Research by Koenig and Sun (2009) on "D*-Lite" — an incremental replanning algorithm for robot navigation — showed that incremental repair can be orders of magnitude faster than full replanning when the plan changes are localized. D*-Lite was used in DARPA Urban Challenge vehicles that needed to replan routes when unexpected obstacles appeared. When a parked car blocked a planned route, the system updated only the affected portion of the navigation plan rather than recomputing from scratch.
You'll practice diagnosing plan failures and choosing the right backtracking strategy. Start with a multi-step plan in any domain, then introduce a mid-plan failure scenario. Your goal is to identify which type of backtracking is most appropriate.
This lesson explores lesson 4 — examining the key principles, real-world applications, and implications for practitioners working in this domain.
Understanding this topic requires both theoretical grounding and practical awareness of how these concepts manifest in deployed systems. The frameworks covered in earlier lessons provide the foundation; this lesson connects them to implementation reality.

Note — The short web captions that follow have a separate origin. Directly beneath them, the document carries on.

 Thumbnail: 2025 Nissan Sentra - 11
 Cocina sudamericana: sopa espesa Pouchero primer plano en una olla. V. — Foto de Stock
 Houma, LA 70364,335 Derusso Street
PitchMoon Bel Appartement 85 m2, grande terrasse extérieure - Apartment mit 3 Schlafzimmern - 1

The transition from theory to practice reveals challenges that pure conceptual frameworks don't capture. Real-world deployment introduces constraints, trade-offs, and edge cases that demand nuanced judgment rather than rigid rule-following.

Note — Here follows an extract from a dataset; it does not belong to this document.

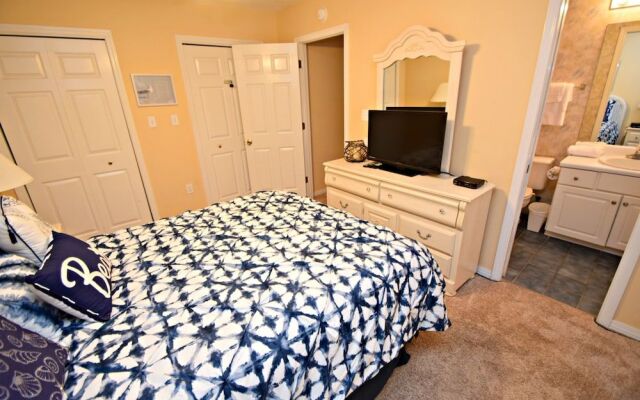 Heron Landing #11 by RedAwning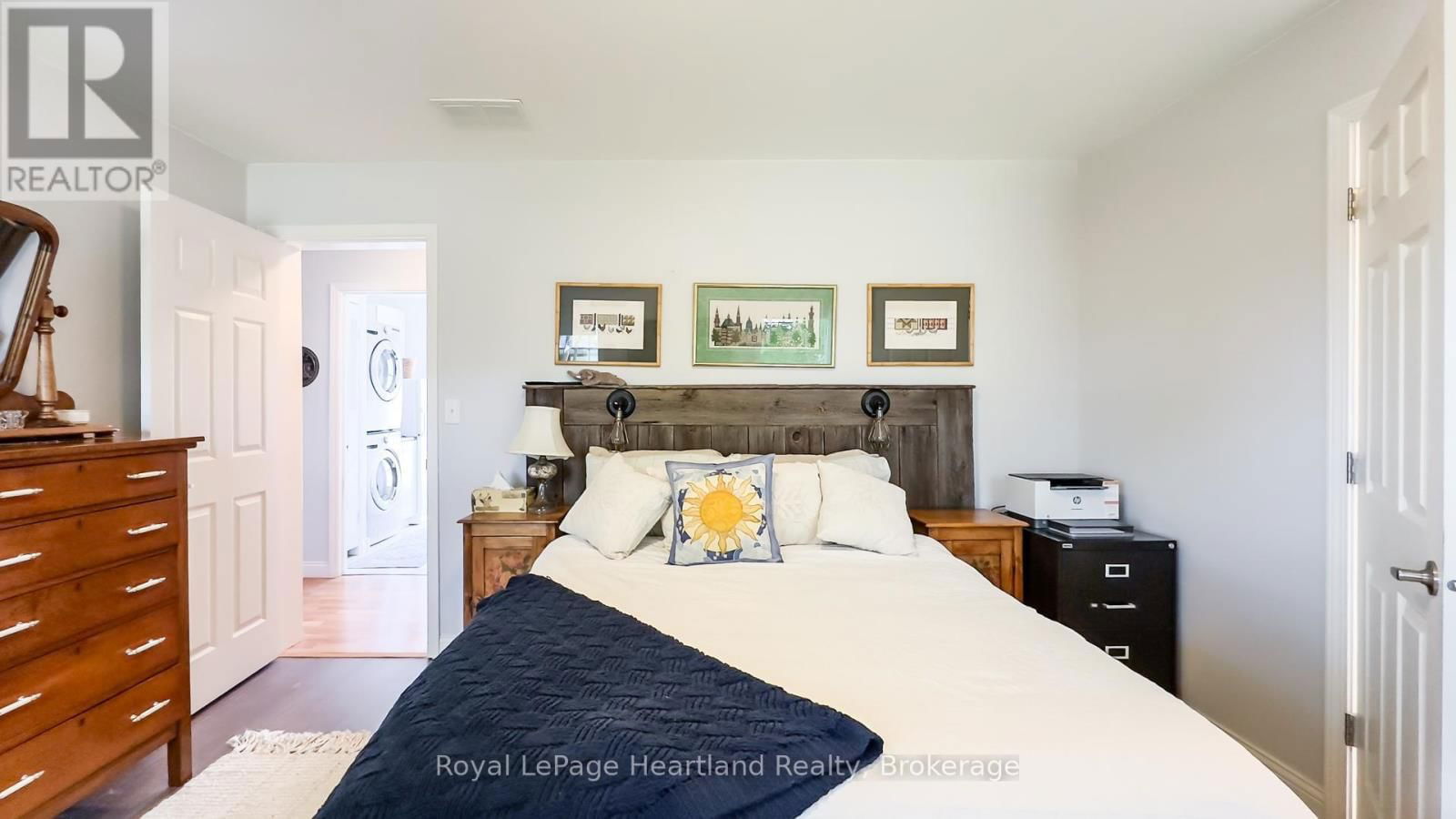 46 ALGONQUIN LANE Image 37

Effective practitioners in this space develop the ability to reason across multiple frameworks simultaneously, recognizing when different perspectives apply and how to resolve conflicts between competing priorities.
As this field continues to evolve, the principles covered in this module will remain foundational even as specific technologies and implementations change. The ability to think critically about these topics — rather than simply memorizing current best practices — is what separates effective practitioners from those who merely follow checklists.
Use the AI below to explore the concepts from Lesson 4 in depth. Ask questions, challenge assumptions, and work through practical scenarios related to lesson 4.